If David survives the policy term

Let’s say he accumulates another 1200 units over the 20-year policy term.

So, the total units accumulated till 2041 = 155 + 1200 = 1355 units

Assuming that the NAV on the date of policy maturity is Rs 900.

Maturity Benefit = NAV x Owned Units

                          = 900 x 1355

                          = Rs. 12,19,500

So David will Rs. 12,19,500 as the maturity amount in 2041. Once the payout is made, the policy will terminate.



7️⃣ If Your Goal Is To Get Regular Income Post-Retirement
While your income stream may cease when you retire, your living expenses will not. To maintain your desired lifestyle even after retirement, it's important to have a steady source of income. Life insurance policies can also help you with that.

If you want to guarantee a comfortable retirement life, an annuity plan is a suitable option. In this plan, you will be required to make premium payment/s for a specific period, which will be accumulated into a fund. This will be converted into an annuity, i.e., a steady income stream based on the annuity rate determined by the insurance company. You can sit back and relax knowing that you have a stable income that will be paid to you periodically upon retirement.

Example: Rishi, 45, is a salaried employee and wants to retire at 60. He wants to invest in an annuity plan, and secure his retirement life.

Let’s assume that he decides to invest a premium of Rs 50,000 (excluding taxes) annually for the next 15 years and opts to get the payout immediately each year for a duration of 25 years. He will start getting the annuity payout a year after the premium payment term is over. Let’s also assume that the annuity rate is 5%.

So, the payable annuity  = Total Premiums Paid (minus taxes) x Annuity Rate

                                            = (50,000 X 15 years) x 5%

                                            = 7,50,000 X 5%

                                            = Rs. 37,500

Rishi will receive an annuity payout of Rs. 37,500 annually for 25 years.

8️⃣ If Your Goal Is To Build A Retirement Fund
You may have several retirement goals such as taking a world trip, pursuing your hobbies, setting up a business, buying a shiny new car, etc. and may wish to create a retirement fund for the same. A pension accumulation plan does just that.
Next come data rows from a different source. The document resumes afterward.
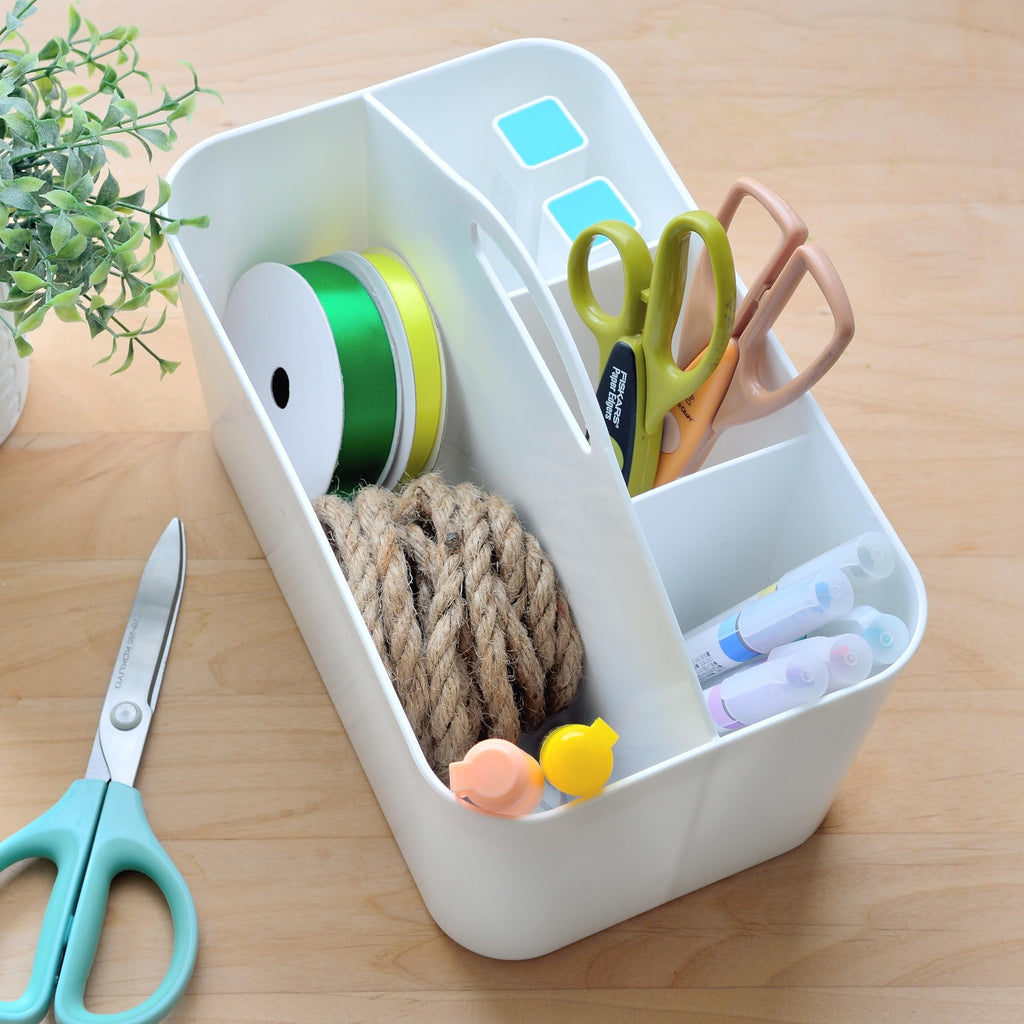 Youngever Plastic Shower Caddy Storage Organizer Utility Tote, Storage Caddy, Divided Basket Bin, Plastic Pantry Caddy Storage Bin, White Divided Caddy Organizer, Under Sink Cabinet Organizer Basket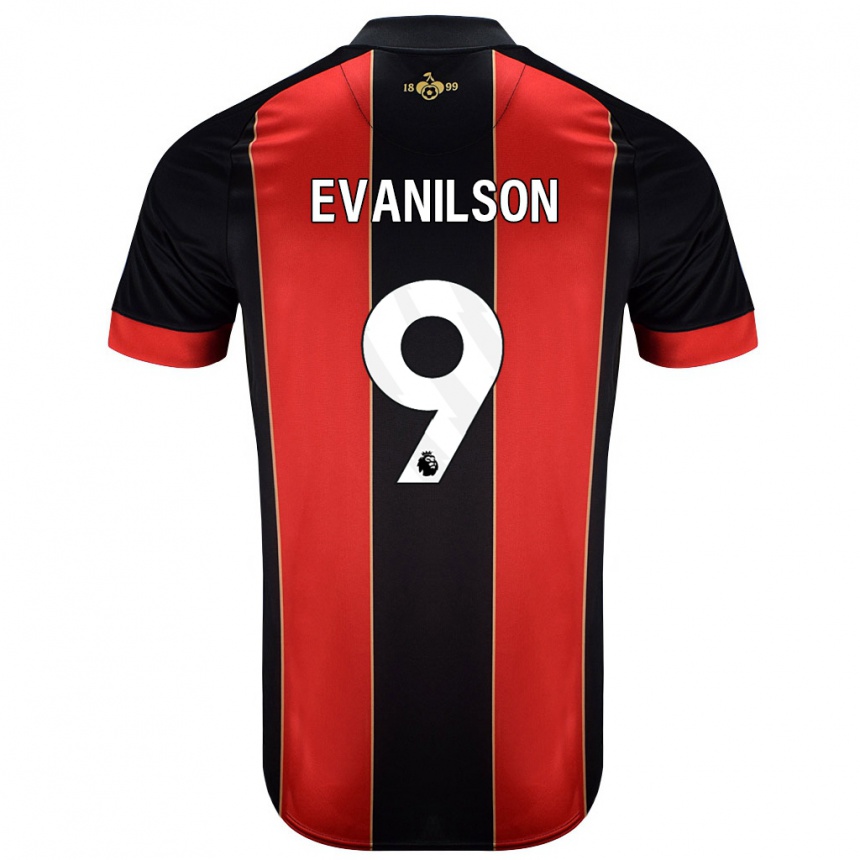 Niño Fútbol Camiseta Evanilson #9 Rojo Negro 1ª Equipación 2024/25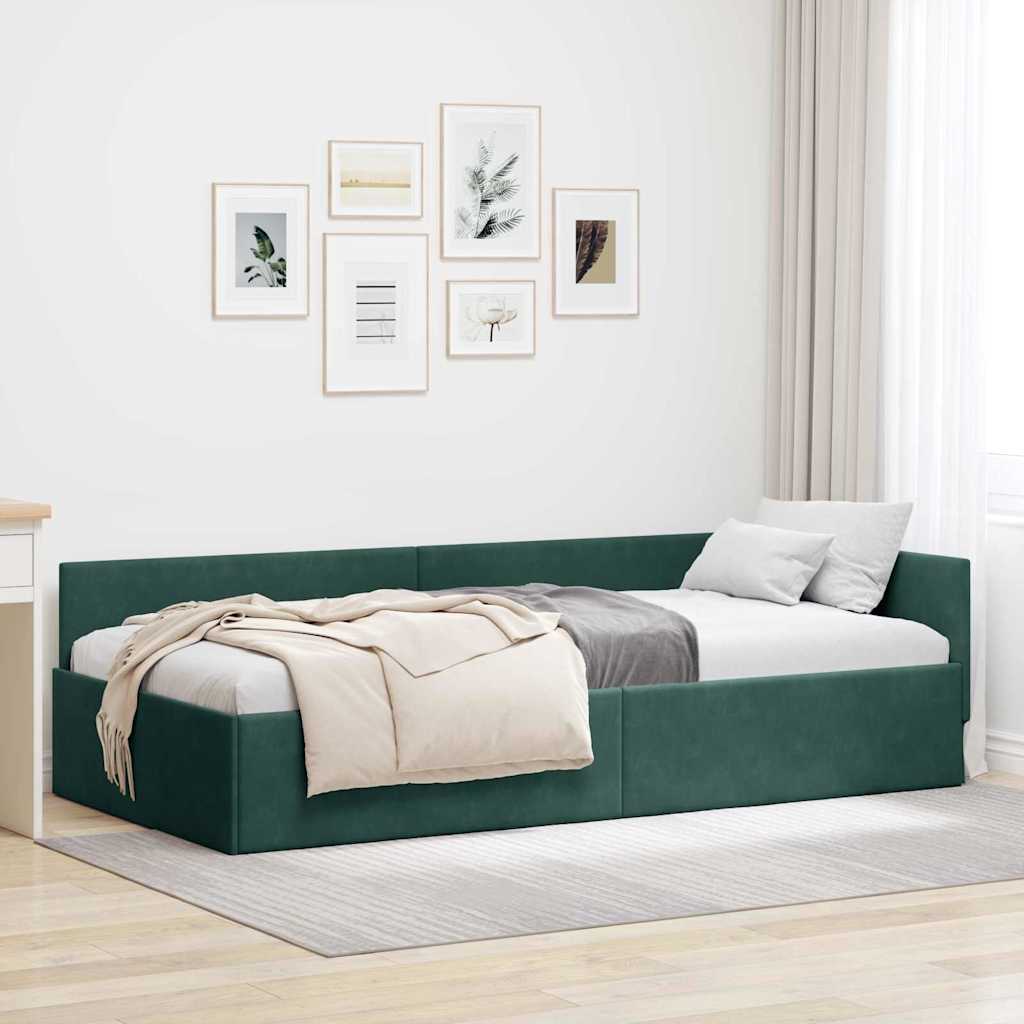 Hoekbedframe met hoofdeinde Donkergroen 90 cm x 190 cm Fluweel is nu te koop bij PeponiXL, paradijselijk wonen!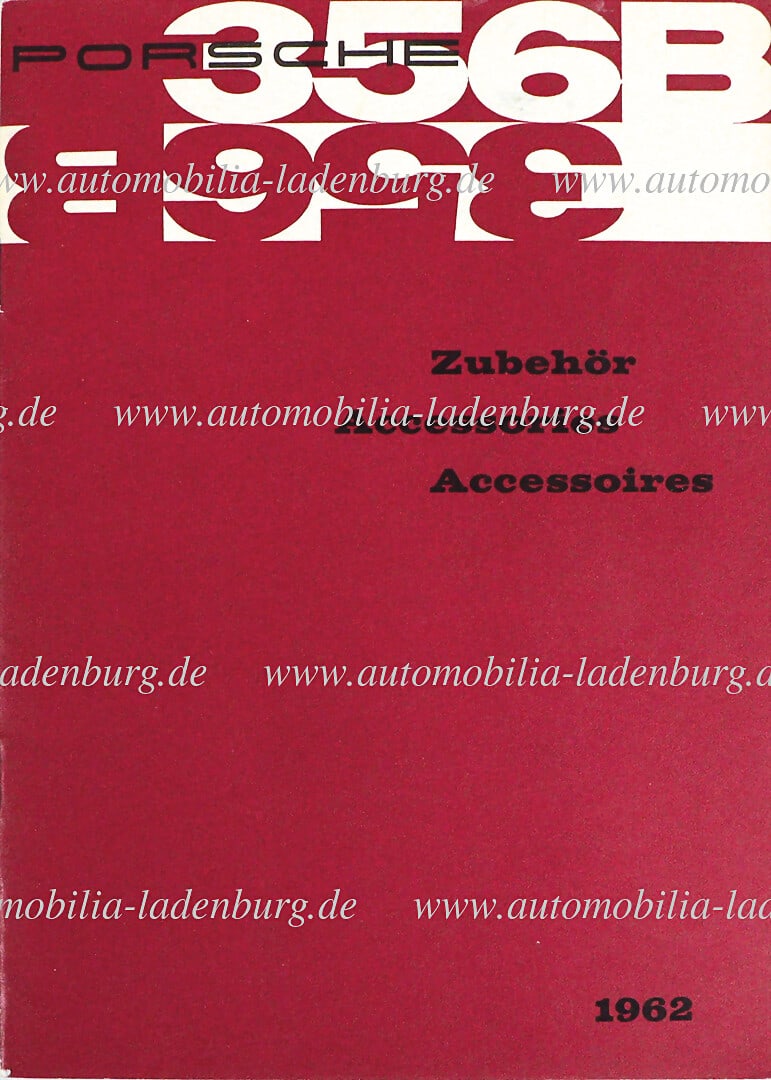 PORSCHE 1962, sales catalog Porsche accessories Porsche 356B (W 12/61 10M 9.61 Gl.), trilingual good (1 of 1)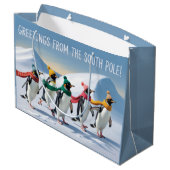 Grand Sac Cadeau "Salutations du pôle Sud" Conception de manchot (Dos Angle)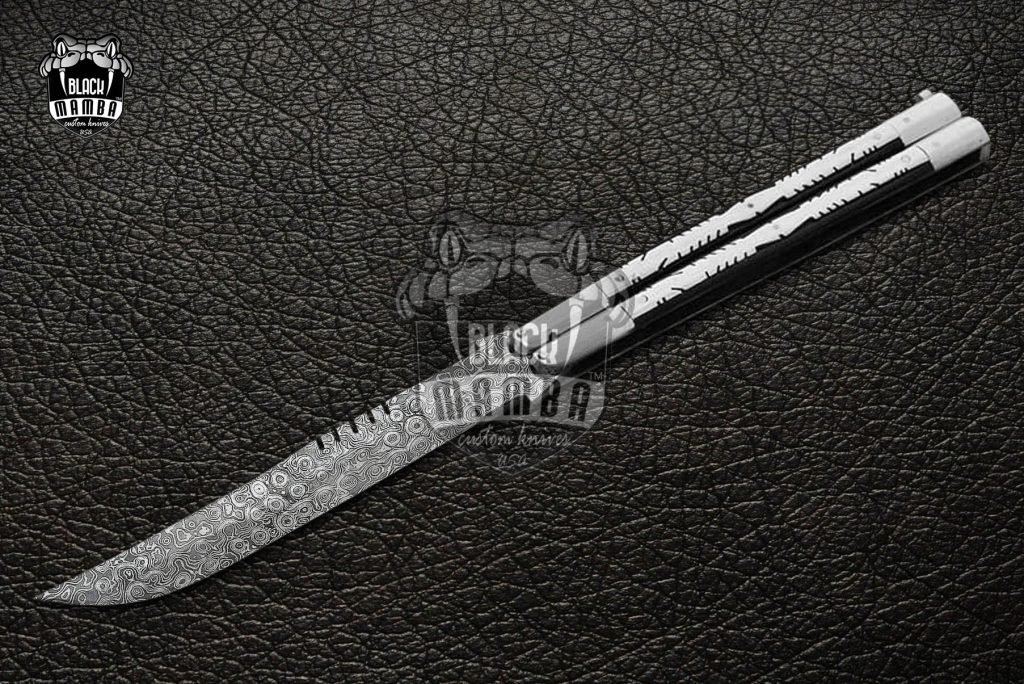 DB-12 Damascus Balisong Butterfly Knife Original Traditional Filipino Butterfly Batanga Knife with handmade steel and raidrop handle black mamba knives USA
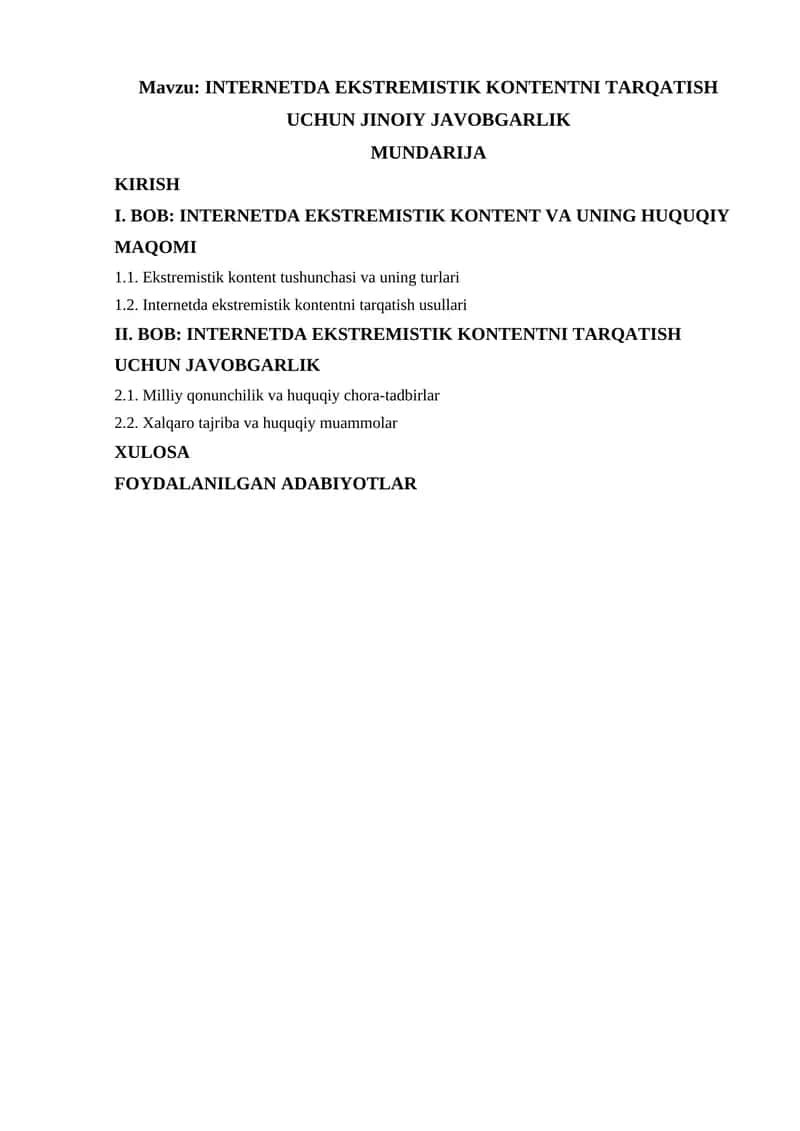 INTERNETDA EKSTREMISTIK KONTENTNI TARQATISH UCHUN JINOIY JAVOBGARLIK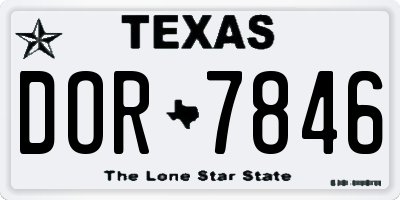 TX license plate DOR7846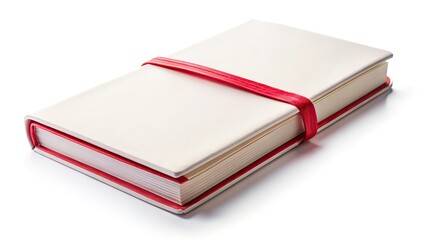 Double Exposure Mockup: Blank White Book with Red Elastic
A pension accumulation plan is an investment option specifically tailored for those who want to live their retired life to the fullest. It is an ideal way to ensure that you have the financial resources to fund your retirement wishes. Your savings are invested in market-linked instruments and accumulated systematically for retirement. Upon maturity, your policy offers a lump sum that you can use to fulfil your retirement goals.

Example: Namit, a 50-year-old man, decides that he wants to invest in a non-linked pension accumulation plan to build a retirement fund. He plans on retiring when he is 65 and so, chooses a policy term of 15 years. He pays a premium of Rs 1 Lakh on a yearly basis and has appointed his spouse as the nominee.

Maturity Benefit

Namit will either receive the total premiums or 108% of the total premiums - whichever is higher - as per his policy terms.

Total premiums paid

Annual premium = Rs 1 Lakh

No. of years = 15 years

Hence, total premiums paid = 15,00,000

Percentage of total premiums paid
Annual premium = Rs 1 Lakh

No. of years = 15 years

Hence, total premiums paid = 15,00,000

Accumulated fund = 108% of 15,00,000 = Rs 16,20,000

So, Namit will receive a maturity benefit of Rs 16.2 Lakhs if he survives till the end of 15 years.

Death Benefit

Let’s assume Namit passes away after 10 years. Namit’s nominee will receive the total paid premiums or 103% of the total premiums paid - whichever is higher as per his policy terms. 

Total premiums paid

Annual premium = Rs 1 Lakh

No. of years = 10 years

Total premiums paid = 10,00,000

Percentage of total premiums paid
Annual premium = Rs 1 Lakh

No. of years = 10 years

Total premiums paid = 10,00,000

Death benefit = 103% of 10,00,000 = Rs 10,30,000

Namit’s spouse will receive a death benefit of Rs 10.3 Lakhs.



Wrapping Up!
Life insurance is are available in a variety of forms. Each type of life insurance policy is designed to meet unique needs. It is important to thoroughly understand the policy before you invest in it so that you can ensure that it is the right choice for you and your family.